◆ Exercise description:
What you return should be the complete listing, unchanged, with no pictures in it.

◆ Supplied data:

+---+

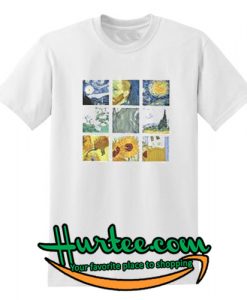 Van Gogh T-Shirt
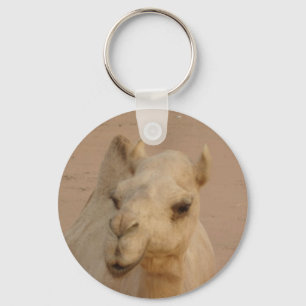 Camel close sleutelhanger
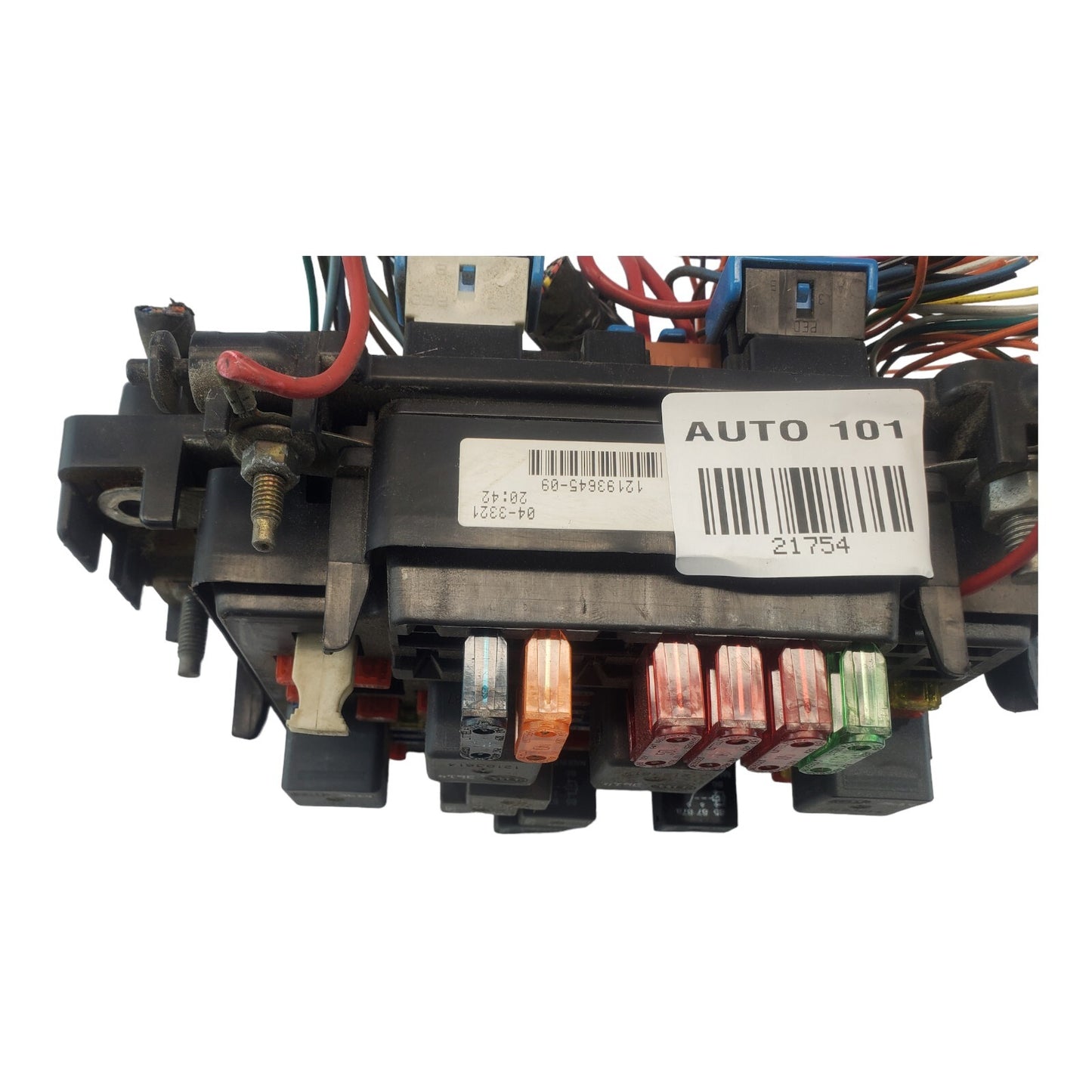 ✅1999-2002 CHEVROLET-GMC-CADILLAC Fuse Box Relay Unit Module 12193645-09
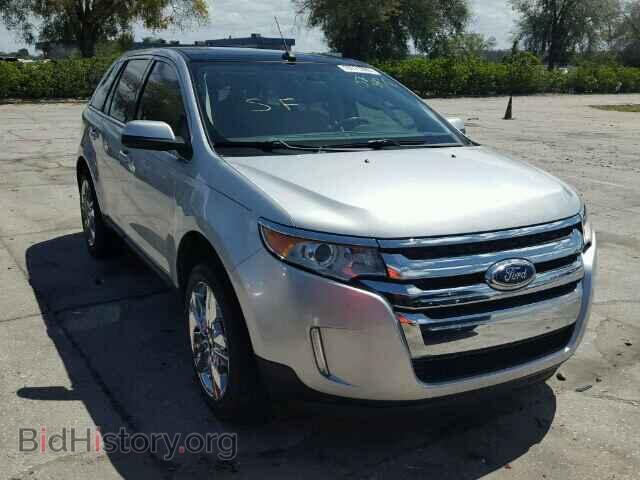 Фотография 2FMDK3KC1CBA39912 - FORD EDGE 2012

+---+

◆ Response below:
 Van Gogh T-Shirt
 Camel close sleutelhanger
 ✅1999-2002 CHEVROLET-GMC-CADILLAC Fuse Box Relay Unit Module 12193645-09
 Фотография 2FMDK3KC1CBA39912 - FORD EDGE 2012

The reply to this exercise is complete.